Data entries

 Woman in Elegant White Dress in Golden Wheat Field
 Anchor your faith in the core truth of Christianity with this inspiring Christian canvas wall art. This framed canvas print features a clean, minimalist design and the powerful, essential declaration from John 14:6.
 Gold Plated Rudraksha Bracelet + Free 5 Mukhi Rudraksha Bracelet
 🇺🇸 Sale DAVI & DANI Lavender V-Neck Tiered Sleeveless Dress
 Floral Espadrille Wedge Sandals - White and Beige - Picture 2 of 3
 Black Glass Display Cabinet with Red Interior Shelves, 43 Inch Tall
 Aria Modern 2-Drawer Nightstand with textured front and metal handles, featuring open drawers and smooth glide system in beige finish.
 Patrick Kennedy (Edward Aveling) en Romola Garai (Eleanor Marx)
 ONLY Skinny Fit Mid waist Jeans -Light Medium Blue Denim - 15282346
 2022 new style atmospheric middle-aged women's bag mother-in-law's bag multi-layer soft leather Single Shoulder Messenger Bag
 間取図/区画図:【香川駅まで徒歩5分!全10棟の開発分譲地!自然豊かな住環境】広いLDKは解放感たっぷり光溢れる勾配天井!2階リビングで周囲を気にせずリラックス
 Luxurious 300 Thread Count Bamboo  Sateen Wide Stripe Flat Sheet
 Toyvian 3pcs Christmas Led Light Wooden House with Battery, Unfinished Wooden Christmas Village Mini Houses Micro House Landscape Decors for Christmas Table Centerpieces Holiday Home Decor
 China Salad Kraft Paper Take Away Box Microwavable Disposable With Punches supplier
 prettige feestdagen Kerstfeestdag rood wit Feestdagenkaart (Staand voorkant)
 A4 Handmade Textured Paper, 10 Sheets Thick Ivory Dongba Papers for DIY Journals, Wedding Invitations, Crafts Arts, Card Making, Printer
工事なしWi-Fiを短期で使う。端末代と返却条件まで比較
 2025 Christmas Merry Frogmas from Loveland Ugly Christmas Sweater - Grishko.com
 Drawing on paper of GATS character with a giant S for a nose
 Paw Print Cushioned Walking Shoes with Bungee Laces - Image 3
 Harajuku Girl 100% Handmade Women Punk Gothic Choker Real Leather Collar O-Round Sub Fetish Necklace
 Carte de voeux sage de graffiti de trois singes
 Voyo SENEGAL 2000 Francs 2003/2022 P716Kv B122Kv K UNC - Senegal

ASSIGNMENT
Each entry in the data must be copied exactly.

YOUR SOLUTION
 Woman in Elegant White Dress in Golden Wheat Field
 Anchor your faith in the core truth of Christianity with this inspiring Christian canvas wall art. This framed canvas print features a clean, minimalist design and the powerful, essential declaration from John 14:6.
 Gold Plated Rudraksha Bracelet + Free 5 Mukhi Rudraksha Bracelet
 🇺🇸 Sale DAVI & DANI Lavender V-Neck Tiered Sleeveless Dress
 Floral Espadrille Wedge Sandals - White and Beige - Picture 2 of 3
 Black Glass Display Cabinet with Red Interior Shelves, 43 Inch Tall
 Aria Modern 2-Drawer Nightstand with textured front and metal handles, featuring open drawers and smooth glide system in beige finish.
 Patrick Kennedy (Edward Aveling) en Romola Garai (Eleanor Marx)
 ONLY Skinny Fit Mid waist Jeans -Light Medium Blue Denim - 15282346
 2022 new style atmospheric middle-aged women's bag mother-in-law's bag multi-layer soft leather Single Shoulder Messenger Bag
 間取図/区画図:【香川駅まで徒歩5分!全10棟の開発分譲地!自然豊かな住環境】広いLDKは解放感たっぷり光溢れる勾配天井!2階リビングで周囲を気にせずリラックス
 Luxurious 300 Thread Count Bamboo  Sateen Wide Stripe Flat Sheet
 Toyvian 3pcs Christmas Led Light Wooden House with Battery, Unfinished Wooden Christmas Village Mini Houses Micro House Landscape Decors for Christmas Table Centerpieces Holiday Home Decor
 China Salad Kraft Paper Take Away Box Microwavable Disposable With Punches supplier
 prettige feestdagen Kerstfeestdag rood wit Feestdagenkaart (Staand voorkant)
 A4 Handmade Textured Paper, 10 Sheets Thick Ivory Dongba Papers for DIY Journals, Wedding Invitations, Crafts Arts, Card Making, Printer
工事なしWi-Fiを短期で使う。端末代と返却条件まで比較
 2025 Christmas Merry Frogmas from Loveland Ugly Christmas Sweater - Grishko.com
 Drawing on paper of GATS character with a giant S for a nose
 Paw Print Cushioned Walking Shoes with Bungee Laces - Image 3
 Harajuku Girl 100% Handmade Women Punk Gothic Choker Real Leather Collar O-Round Sub Fetish Necklace
 Carte de voeux sage de graffiti de trois singes
 Voyo SENEGAL 2000 Francs 2003/2022 P716Kv B122Kv K UNC - Senegal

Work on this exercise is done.